Editores, impresores, cajistas y escritores han luchado desde siempre contra ellas, pero en vano. Antes, las editoriales de alto rango tenían equipos de perspicaces correctores. Los había que silabeaban en voz alta, línea por línea, todas las páginas del libro para cazarlas y solían salir con bien del monótono trance. Los manuscritos que Otero Pedrayo enviaba a EL CORREO GALLEGO eran una tortura para el cajista, al que las erratas se le disparaban. Si estaba enfermo, el artículo no podía salir. Anxel Fole pasó de la mano a la máquina, pero con esta las erratas se le multiplicaban. La errata, dice el ingenioso Ramón Gómez de la Serna “es un microbio de origen desconocido y de picadura irreparable”. Vive en las líneas de las páginas y juega con sus captores al escondite –añado yo– y crece en manadas. Acabas con una y al minuto ya tiene suplentes.

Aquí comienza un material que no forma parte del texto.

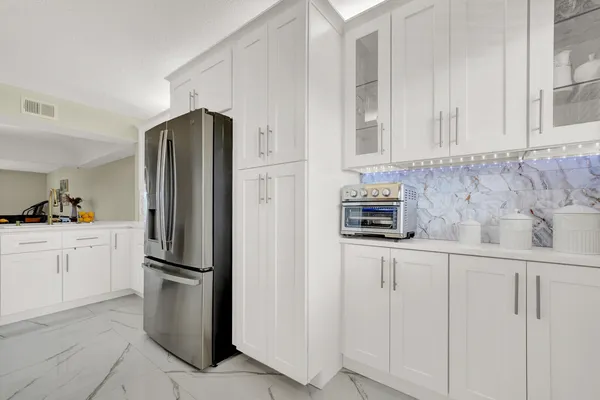 a kitchen with white cabinets and stainless steel appliances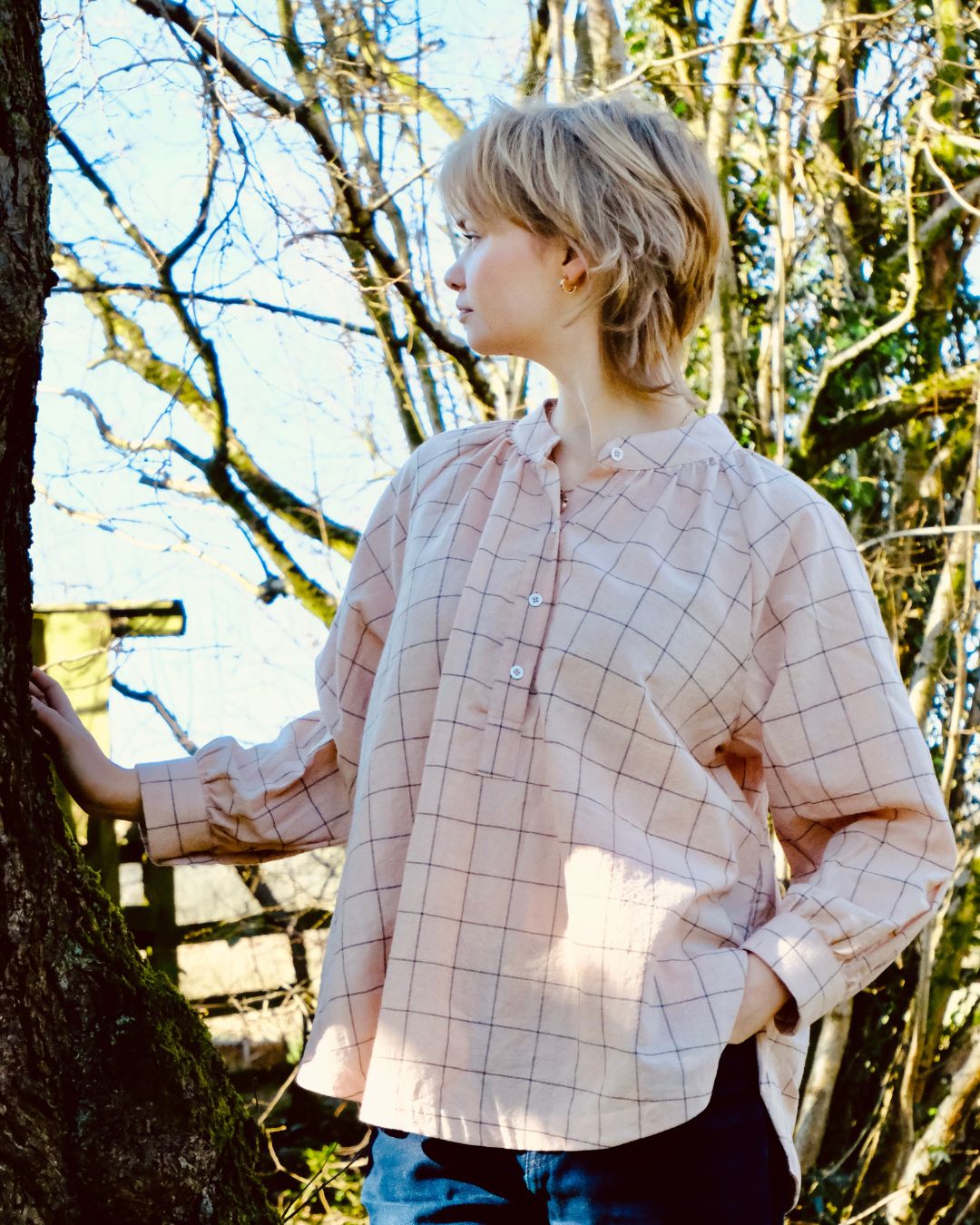Person wearing a plaid shirt standing in a forest
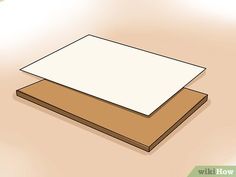 a piece of paper sitting on top of a wooden table next to a white board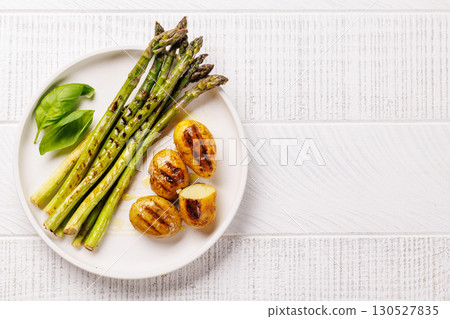 Grilled asparagus and golden baby potatoes 130527835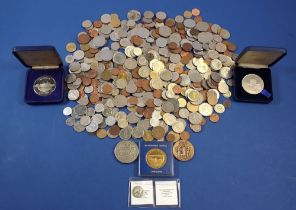 A group of world coins and commemorative tokens including The Tower Mint Warwick Castle and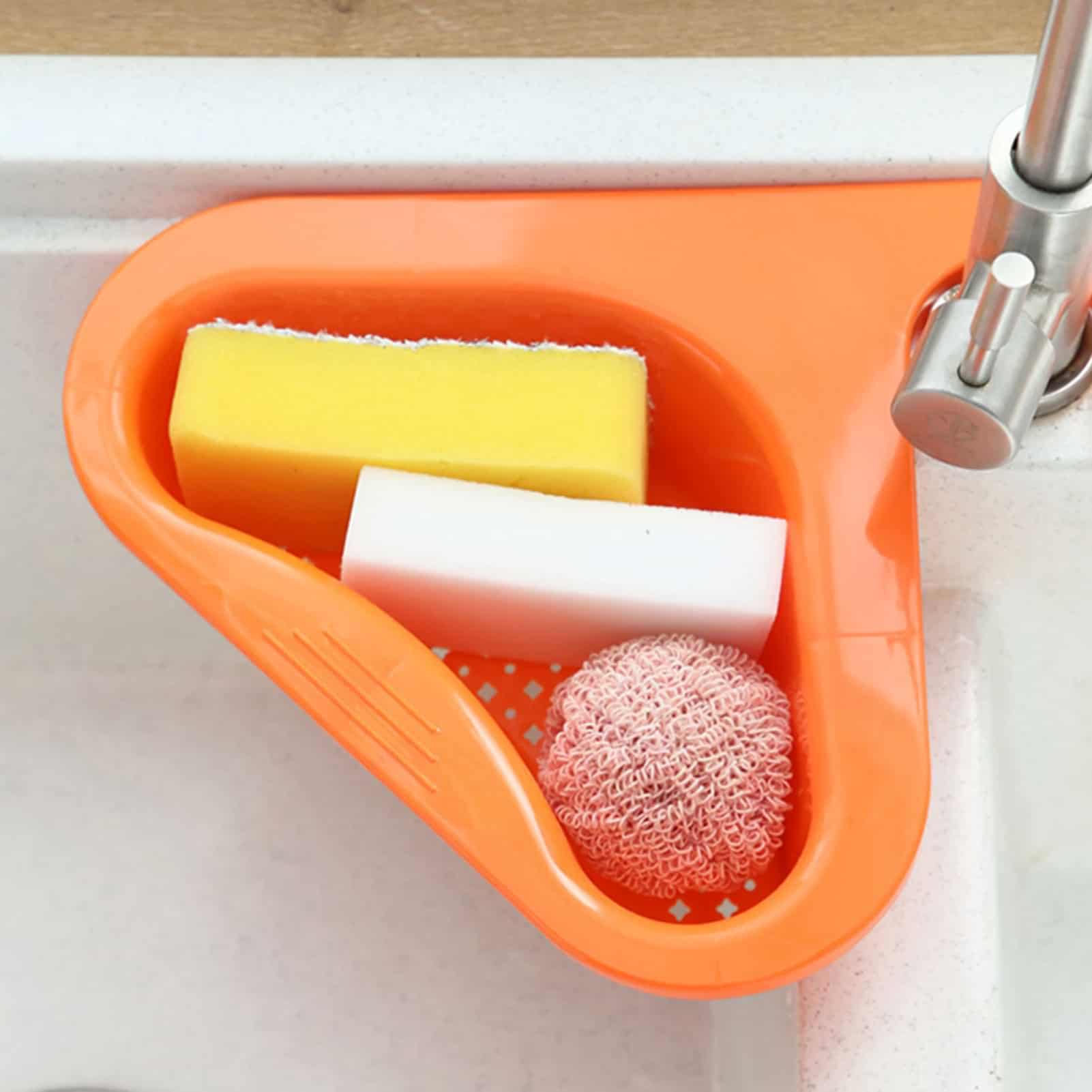 Alt text: Image of cleaning sponges and a mesh scrubber in an orange sink, suitable for optical stores or eyewear cleaning stations.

Cuentan que a Neruda lo desquiciaban, que Lord Byron desafiaba al editor con suicidarse si veía una, que Borges las consideraba todo un género literario y que Bryce Echenique había amenazado al editor Carlos Barral por las setecientas cincuenta que su mujer y él habían localizado en la primera edición de su novela Un mundo para Julius. Es leyenda que Gutenberg fue el primer suicida “por errata” y que el primer presidente de la ONU no fue elegido por unanimidad, sino por “una nimiedad”. En fin, el cardenal Tarancón no resultó electo, sino “erecto” para entrar en cierta congregación. Un célebre editor perseguía las erratas “con podadora, insecticida y escopeta” y ni así. No falta quien opina que a veces la errata mejora el original y que en ocasiones tiene su salsa picante, satírica y humorística. Este es el caso del verso de un poeta cubano, melifluo y mariposón, cuyo verso “Yo siento un fuego atroz que me devora” convirtió el editor Altolaguirre en “Yo siento un fuego atrás que me devora”, con la consiguiente escandalera en el gremio de los vates habaneros.

En lugar de seguir con esta casuística seré honesto y les citaré la fuente: el muy entretenido Vituperio (y algún elogio) de la errata (Ed. Renacimiento, 2013), de José Esteban. Se van a ilustrar y a divertir. Dos por uno. Verán que sí. Atiendan esta sincera recomendación, que además es gratis.